23- Poderei, então, resumir que, a mais, temos, quer do lado tecnológico (conhecimentos mais pormenorizados da Anatomofisiologia), quer do lado psicológico (substituição das virtudes pelos vícios ou do essencial pelo insignificante), temos dizia, um ror de coisas que medram a uma velocidade estonteante. E de novo? Deixo para vós, MM∴ QQ∴ IIr∴, a procura das respostas, mas estaremos num daqueles períodos do Sistema Histórico em que a decadência coincide e dá lugar à novidade com a diferença que, em vez de séculos, acontecerá brevemente.

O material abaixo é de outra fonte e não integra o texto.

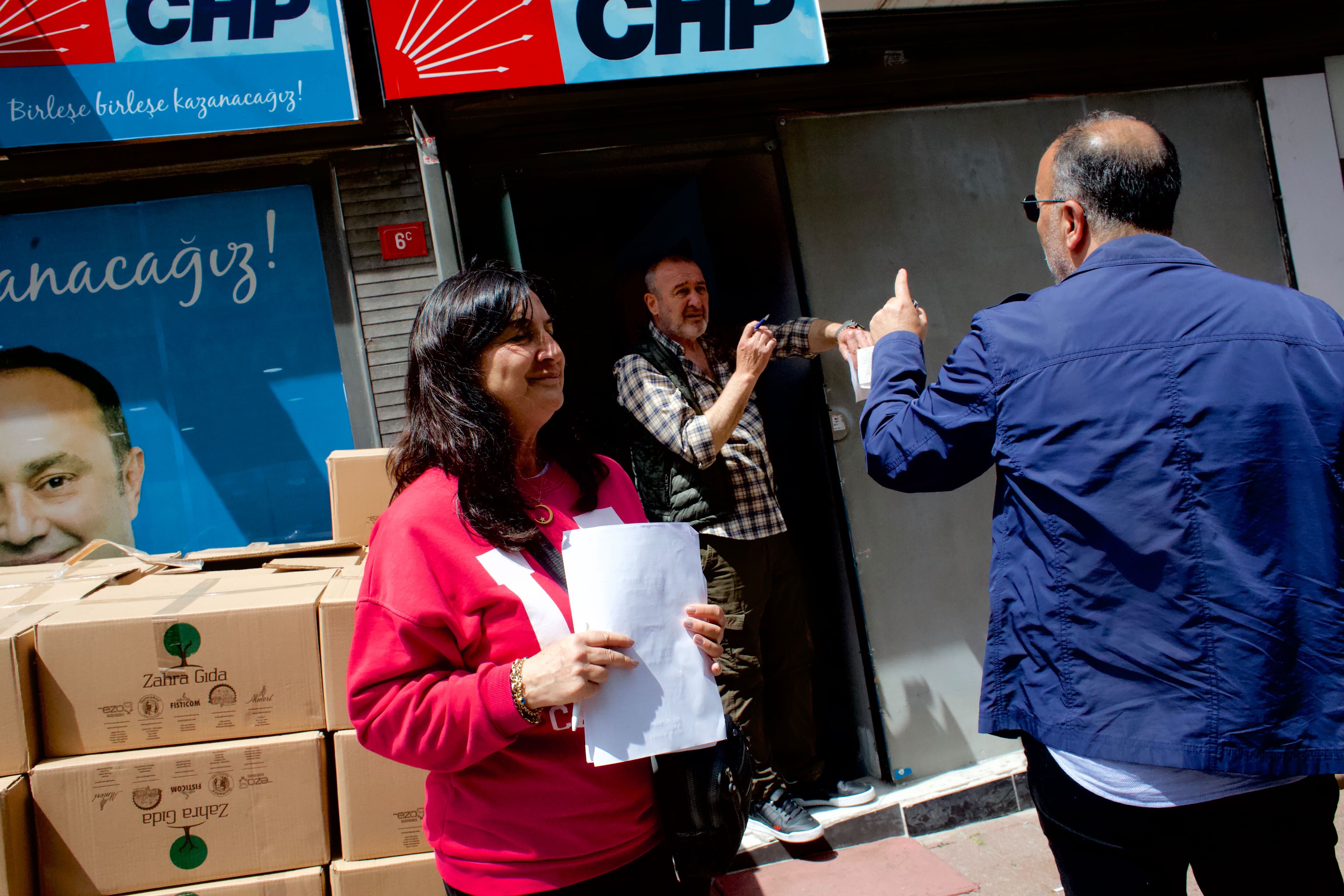 Opposition party official Cigdem Gulduval helps organize meals for poll workers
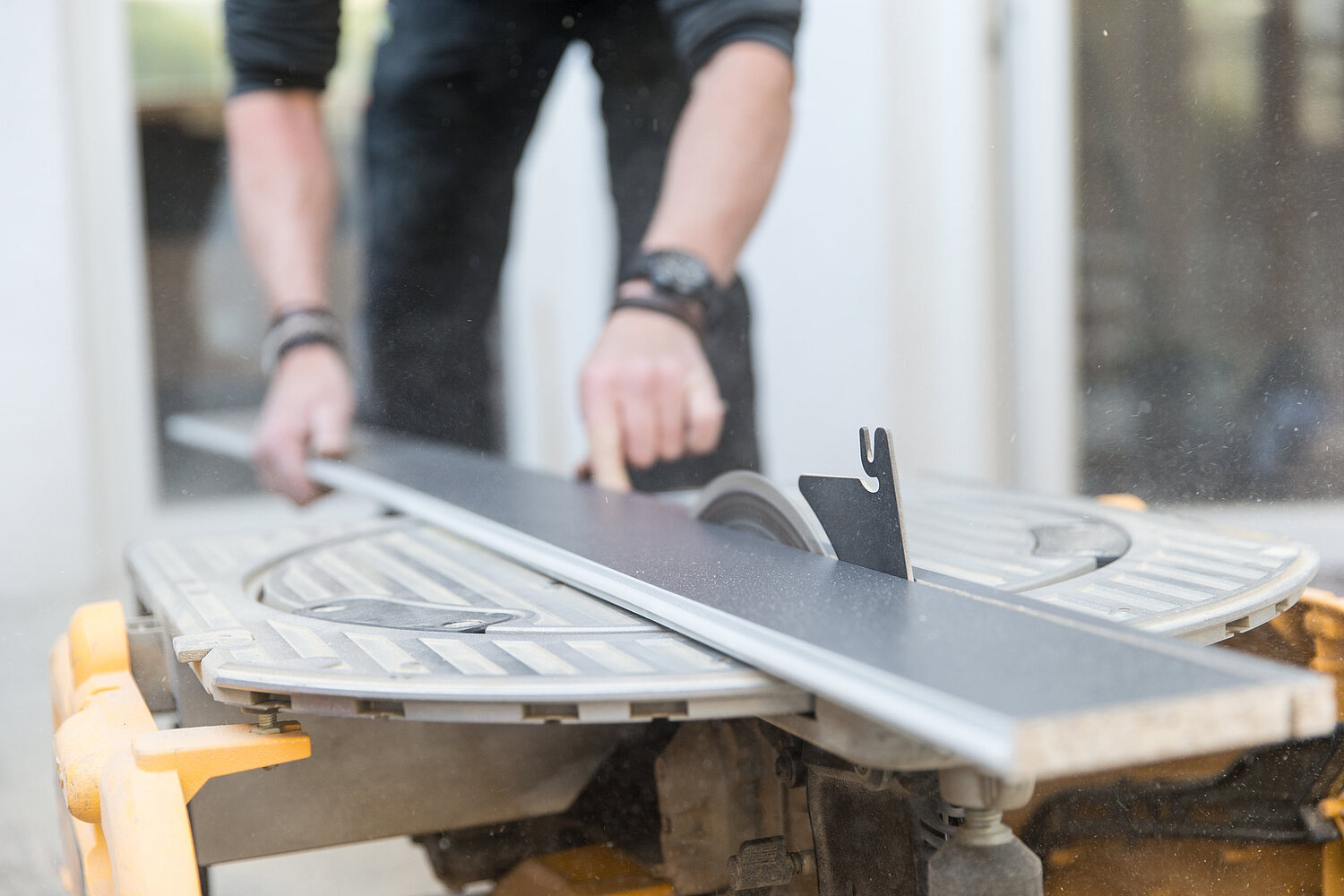 Handwerker bearbeitet Küchenarbeitsplatte mit Säge, Montage durch Küchenstudio Lorinser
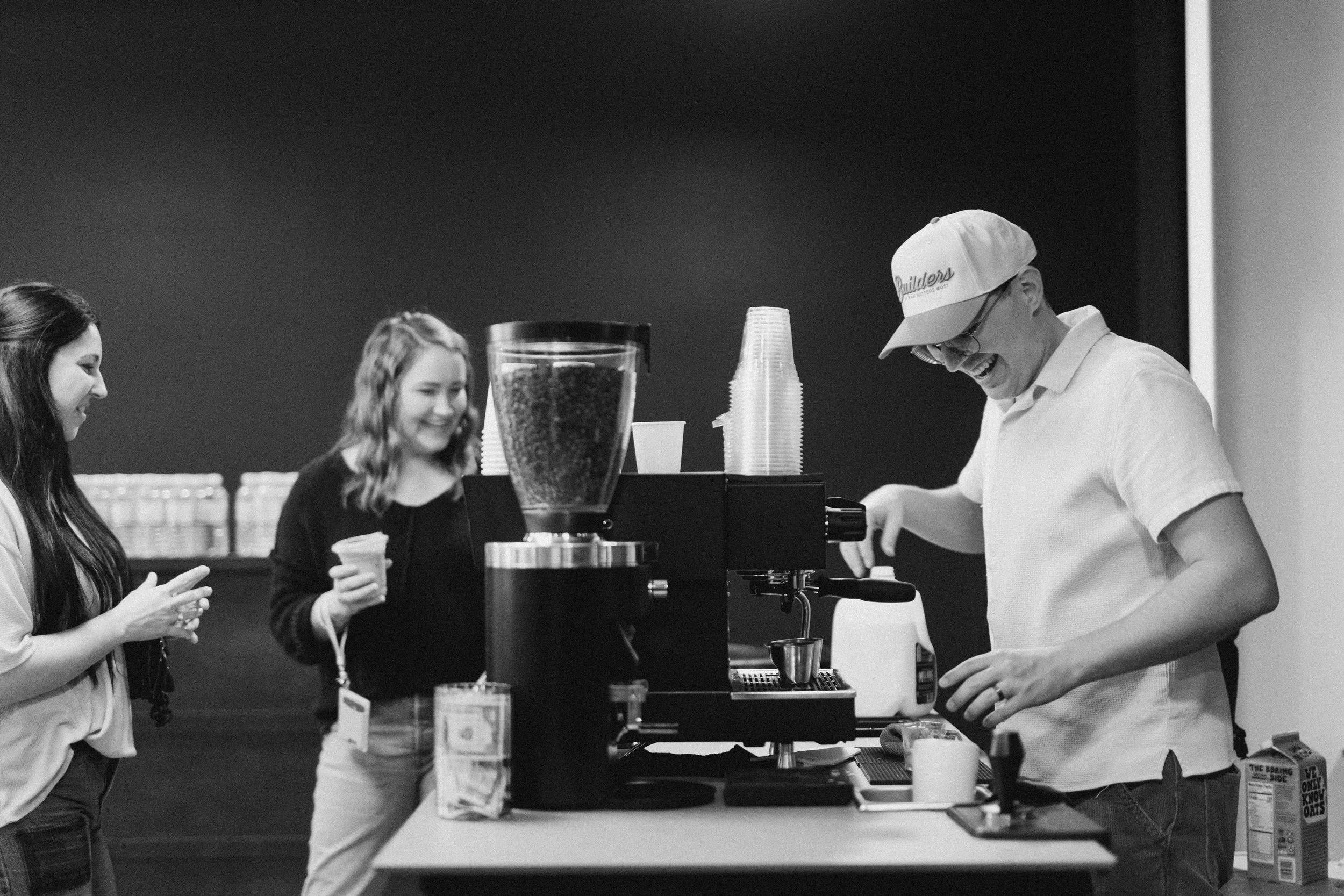 Person pouring steamed milk into a cup of coffee to make latte art.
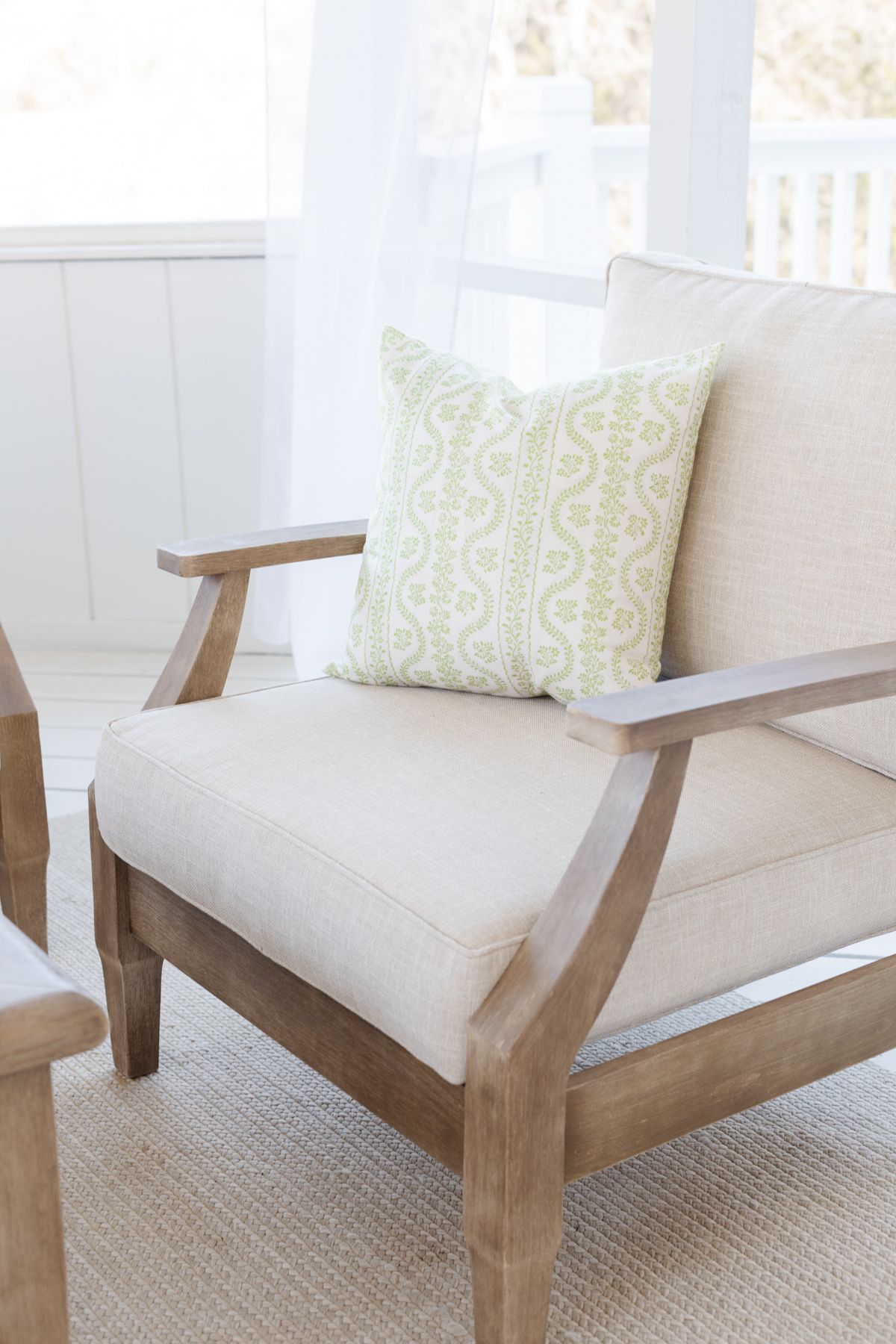 An outdoor wood patio chair with beige cushions and a green striped Amazon pillow cover.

24- Certo, é que os mapeamentos das áreas cerebrais feitos na actualidade demonstram, sem equívoco, que determinadas áreas completamente apagadas há meia dezena de anos estão ao rubro e, inversamente, áreas pujantes (memória, linguagem, regulação de emoções, decisões e etc.) estão a minguar. Mais uma vez, aqui onde estamos sentados, onde constatamos, simbolicamente, o Si-mesmo, os Outros e o Universo, onde não temos medo de usar a dualidade para atingir a unicidade, onde aprendemos e cultivamos a virtude, mais uma vez dizia, é aqui que, passo a passo, adquirimos o saber para enfrentar qualquer tipo de mudança.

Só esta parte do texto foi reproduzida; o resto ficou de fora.